Rollo Carpenter, the inventor of the original Cleverbot and George Zarkadakis, author of ‘In Our Own Image expressed their opinion on artificial intelligence pros and cons.
Rollo Carpenter is the British-born creator of Jabberwacky and Cleverbot, learning Artificial Intelligence (AI) software. Carpenter has worked as CTO of a business software startup in Silicon Valley.
As Managing Director of Existor Ltd, Carpenter is developing AI for entertainment, companionship and communication and education. His AI entries George and Joan were #1 for Loebner Prize (2005) and (2006). In 2010, Carpenter won the British Computer Society’s Machine Intelligence Competition.
In 2011, Cleverbot, a learning Artificial Intelligence conversationalist, took part alongside humans in a formal Turing Test at the Techniche 2011 festival at IIT Guwahati, India on 3 September. The results from 1,334 votes were announced 4 September 2011. Cleverbot was judged to be 59.3% human, far exceeding expectations. The humans in the event achieved just 63.3%.
“That is rather an amazing figure. It’s higher than even I was expecting, or even, really, hoping for,” said British AI scientist Rollo Carpenter during a lecture at the Techniche festival. “The figures the test exceeded 50%, and you could argue all this to mean that Cleverbot has now passed the Turing Test, here at Techniche 2011.”
The way that the volunteers conversed during both of these tests, fell into a “chatty”, light-hearted pattern, with the audience reportedly enjoying the process.
In neither test was there a great deal of analytical thinking put into how to ‘break’ the bot, nor attempts made as to ask complex questions requiring logical replies. A test populated entirely by such questioners would generate a different outcome.
Though it is on the way, the current Cleverbot is not designed to handle such logic – it is designed to imitate human chat. Thus a claim of an actual pass of the test envisioned by Turing would be open to endless debate.

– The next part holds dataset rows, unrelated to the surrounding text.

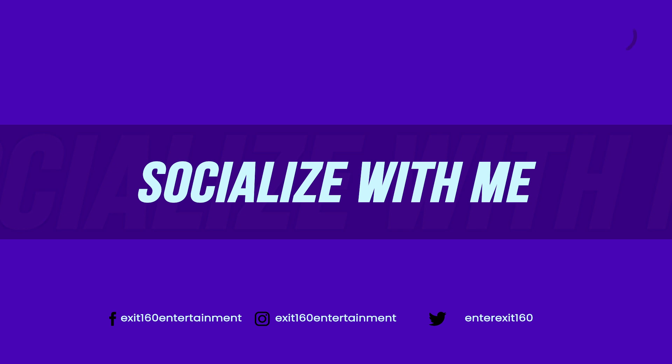I hope everyone enjoyed the video. Until next time, be sure to like, subscribe, and join the Exit 160 movement. Peace.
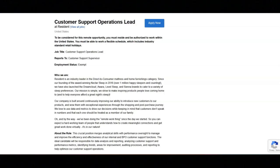You must have experience in data analysis, preferably in a customer support or call center setting. You must have strong analytical skills and experience with performance metrics.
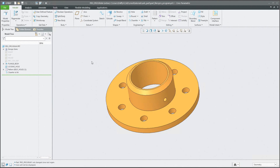Hi folks, in today's video tutorial I'm going to show you the PRO program introduction — how to understand the logic of the PRO program in Creo.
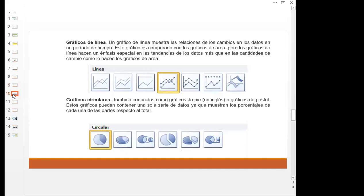Los gráficos de línea son los que frecuentemente se utilizan para trabajar gráficos combinados. Un gráfico de línea muestra las relaciones de los cambios en los datos en un periodo de tiempo. Este gráfico es comparado con los gráficos de área, pero los gráficos de línea hacen un énfasis especial en las tendencias de los datos más que en las cantidades de cambio como lo hacen los gráficos de área. Les voy a mostrar ejemplos de gráficos combinados para que puedan visualizar cómo se pueden usar estos gráficos cuando queremos realizar combinaciones.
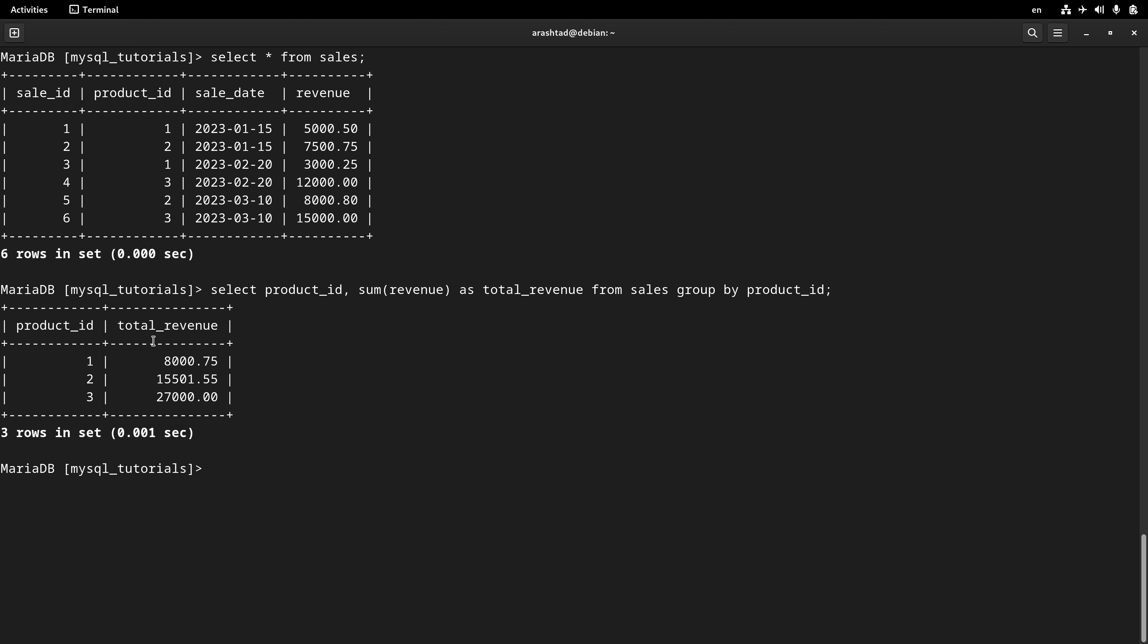Here we have some products that have sold less or more than 10,000. One of them is less than, and two of them have more than 10,000 in revenues.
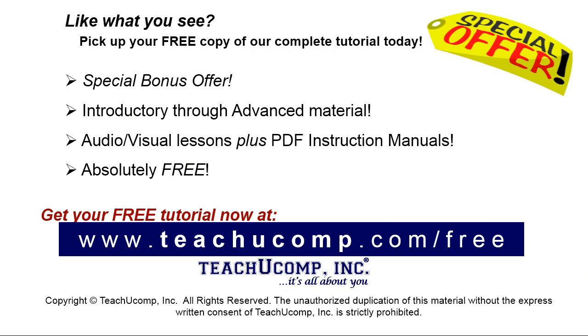Like what you see? Pick up your free copy of the complete tutorial at www.teachucomp.com forward slash free.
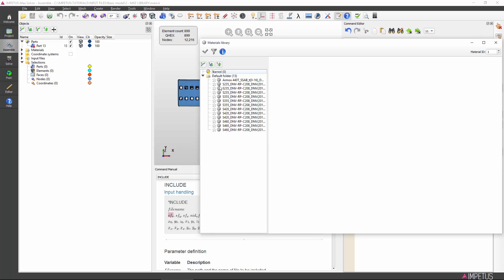Nevertheless, you should be able to find a set of materials calibrated according to DNV standard RPC208. Let's select the soft steel S235.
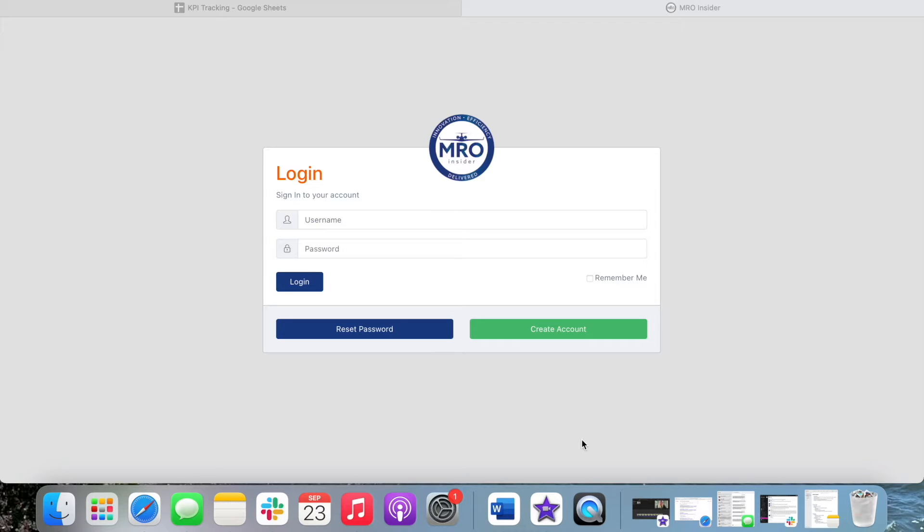Hi there, I'm going to show you how to register an account as a service provider on MRO Insider if you have not already done so.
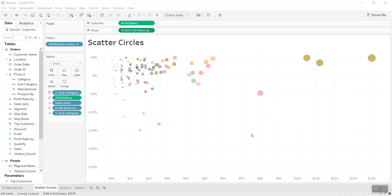Hello everyone and welcome back to my channel Tableau Tip Talk. Continuing with the previous version on the zoomable chart, I previously introduced the zoomable area and bar charts. Today I'm bringing you a different methodology on creating the zoomable scatter plot chart.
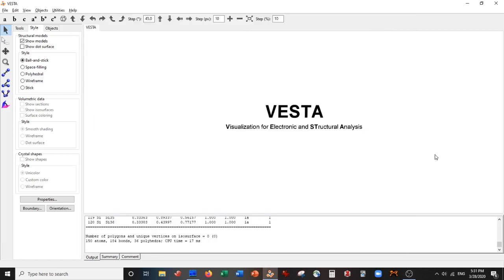Hey everybody, welcome back for another video. Today we're going to be doing a little bit of work with a system known as a zeolite. I think the system is called Chavezite, something to that effect.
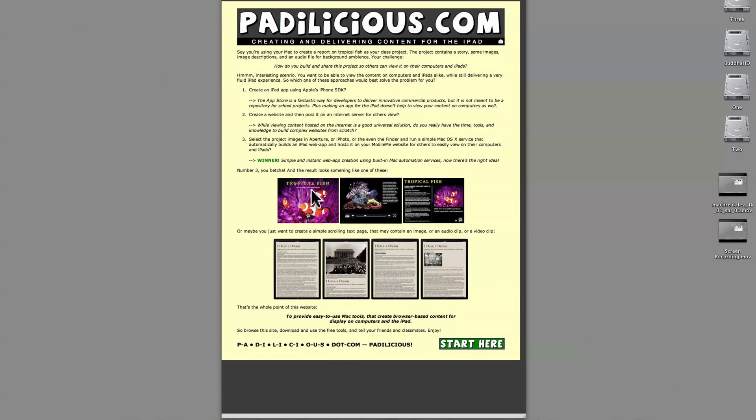Now we're going to look at an example from Padalicious.com where you're creating a bundle that contains images with maybe a background audio file, a photo carousel with captioning, and also the ability to go full screen. Of course, all this would be using a finger instead of the mouse cursor. We're going to look at how to create a photo web app for the iPad.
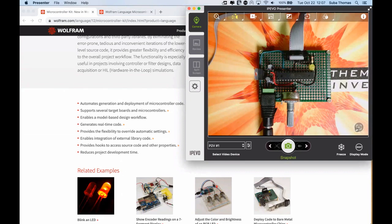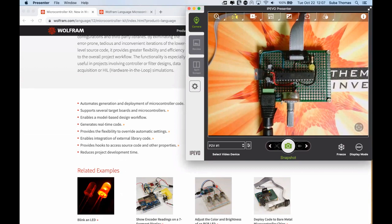Let me start with a basic example. I have an ATmega168 microcontroller — the smaller version of what is typically on the Arduino Uno, just bare metal on a breadboard. The circuitry here includes a voltage regulator to ensure the microcontroller gets a clean 5-volt supply. There are 28 pins — 14 on each side, counted from the notch. On pin 15, I've connected an LED. Let's write Wolfram language code to blink this LED.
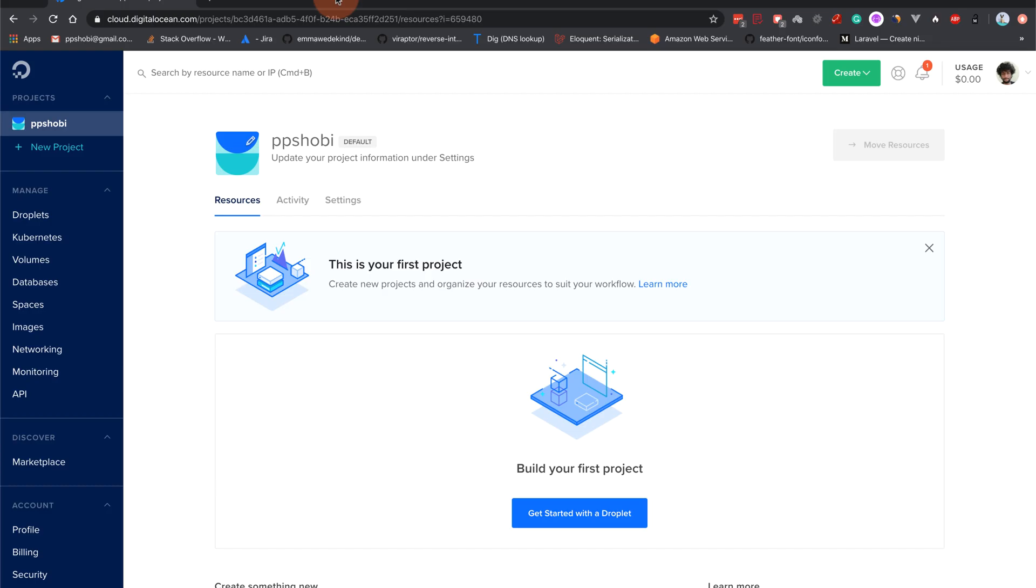Hello guys, welcome back to another video. In this video I would like to show you how to deploy a Laravel application into cloud, whether it's AWS or Digital Ocean or Linode or any such cloud providers.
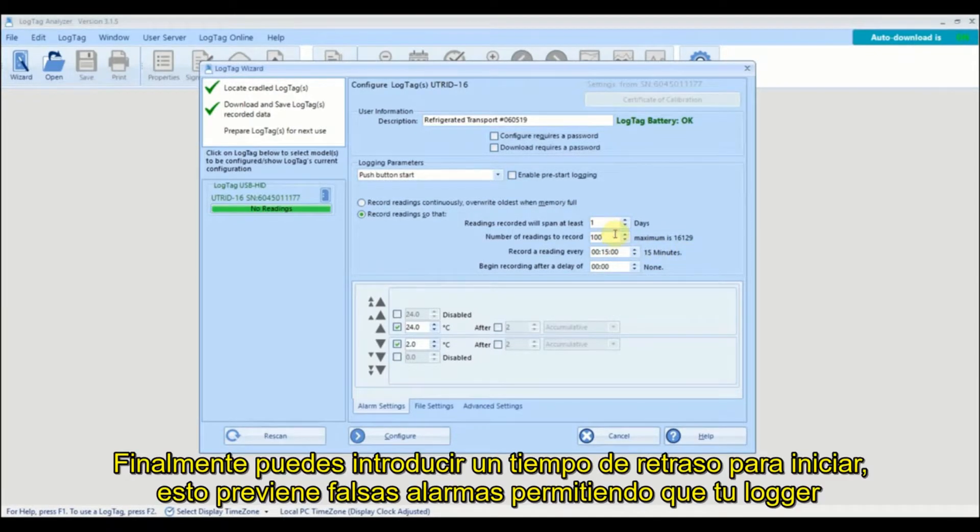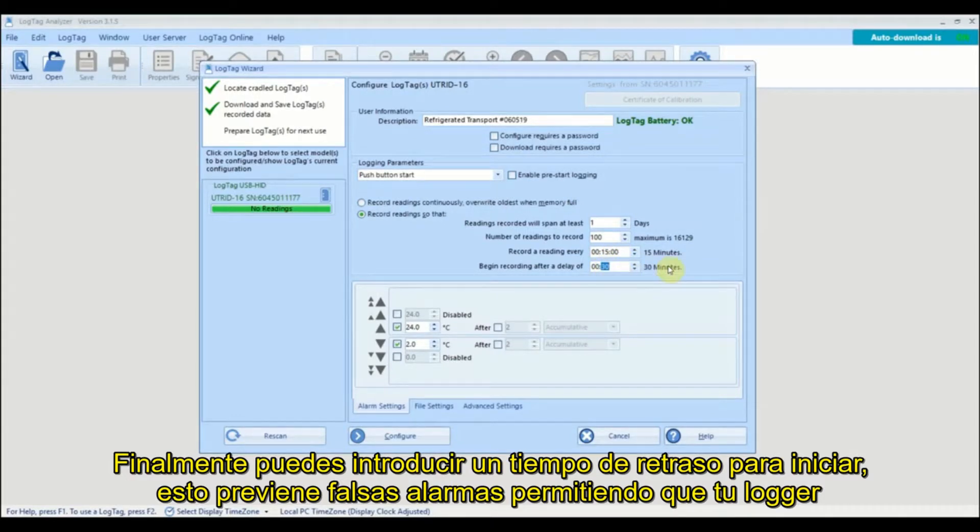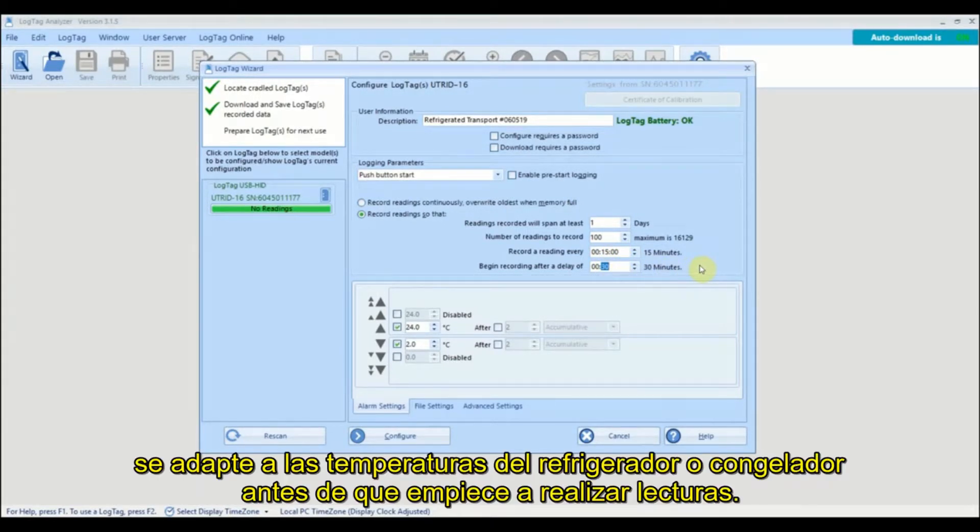You can enter in a start delay. Adding a start delay prevents false alarms by allowing your logger to adjust to the refrigerator or freezer temperature before recording starts.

Carpenter says we are a long way from having the computing power or developing the algorithms needed to achieve full artificial intelligence, but believes it will come in the next few decades. “We cannot quite know what will happen if a machine exceeds our own intelligence, so we can’t know if we’ll be infinitely helped by it, or ignored by it and sidelined, or conceivably destroyed by it”. (wikipedia)
George Zarkadakis is a writer with a PhD in Artificial Intelligence. He is also a digital transformation consultant and the Digital Lead of Willis Towers Watson. He is interested in the impact of AI in the workplace, as well as in the cross-section of science and humanities, a theme he explores in his book “In Our Own Image” (Rider Books, Pegasus Books) about Artificial Intelligence, Literature, Philosophy, and Neuroscience. He lives in London.